Critical Code Studies and the electronic book review: An Introduction

Critical Code Studies and the electronic book review: An Introduction

Mark C. Marino

Mark C. Marino explains the rationale for the Critical Code Studies Working Group, a six-week experiment in using social media for collaborative academic production. Marino also analyzes the first week’s discussion, which focused on debates about what it means to read “code as text.”

Ryan Brooks:

This essay is a general introduction to a series on Critical Code Studies distilled from a six week online discussion. As each week is published on ebr, it will be indexed here.

Week 1:



Week 2:



Week 3:



Ryan Brooks:

In “Interferences: [Net.Writing] and the Practice of Codework,” Rita Raley analyzes the poetics of Mez’s “neologistic net.wurked language…
m[ez]ang.elle,” which incorporates “made-up code language as a mode of artistic composition and everyday communication.”


“Critical Code Studies starts here.”

That was the tagline of the Critical Code Studies Working Group (CCSWG), a gathering of over 100 scholars from countries across the globe for an applied experiment in field formation. The Working Group met over the course of six weeks, beginning February 2010, to engage the work of Critical Code Studies.

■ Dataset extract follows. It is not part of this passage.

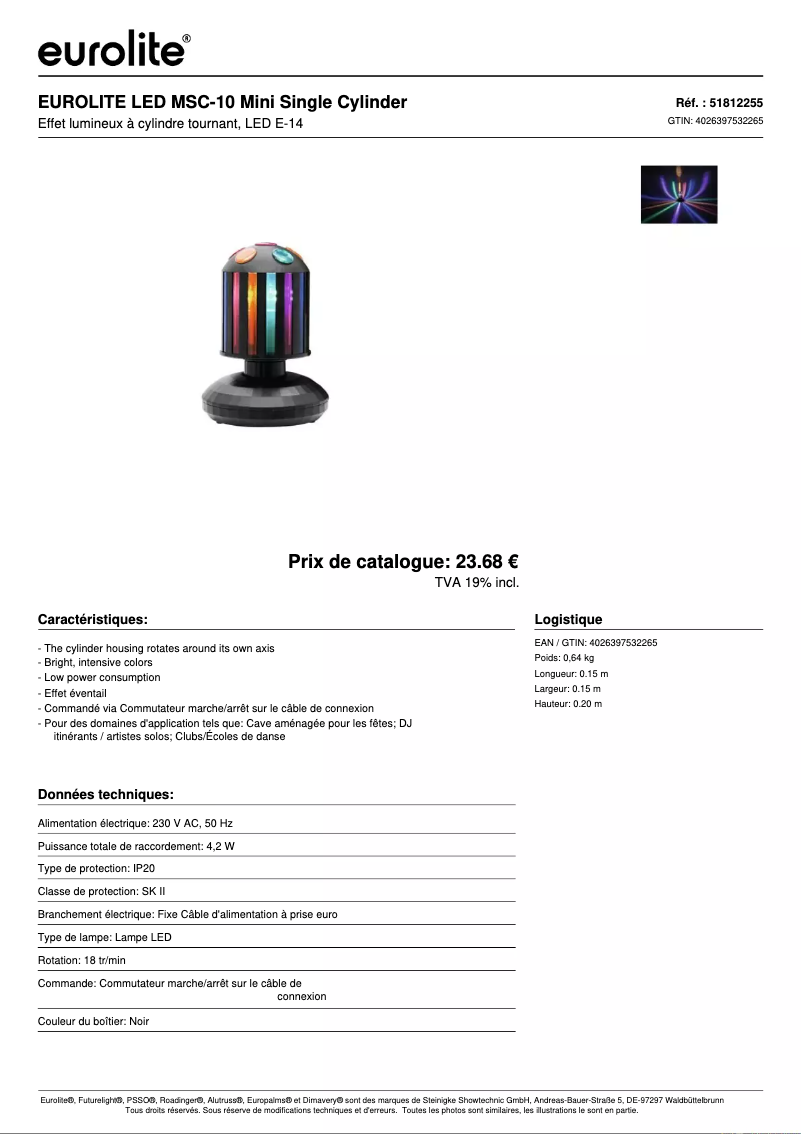 Página 1 del manual Ficha técnica Eurolite LED MSC-10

As we defined it in the early days of the CCS blog, Critical Code Studies is the application of hermeneutics to the interpretation of the extra-functional significance of computer source code. It is a study that follows the developments of Software Studies and Platform Studies into the layer of the code. In their oft-taught text, Structure and Interpretation of Computer Programs, Herald Abelson, Gerald Jay Sussman, and Julie Sussman declare, “Underlying our approach to this subject is our conviction that ‘computer science’ is not a science and that its significance has little to do with computers. The computer revolution is a revolution in the way we think and in the way we express what we think” (xvi). Computer science in this context is the study of procedural epistemology, as they put it. While books like Noah Wardrip-Fruin’s Expressive Processing and Ian Bogost’s Unit Operations have begun to outline ways for discussing those processes, Critical Code Studies looks to examine more closely the particular symbols used to express those procedural ideas.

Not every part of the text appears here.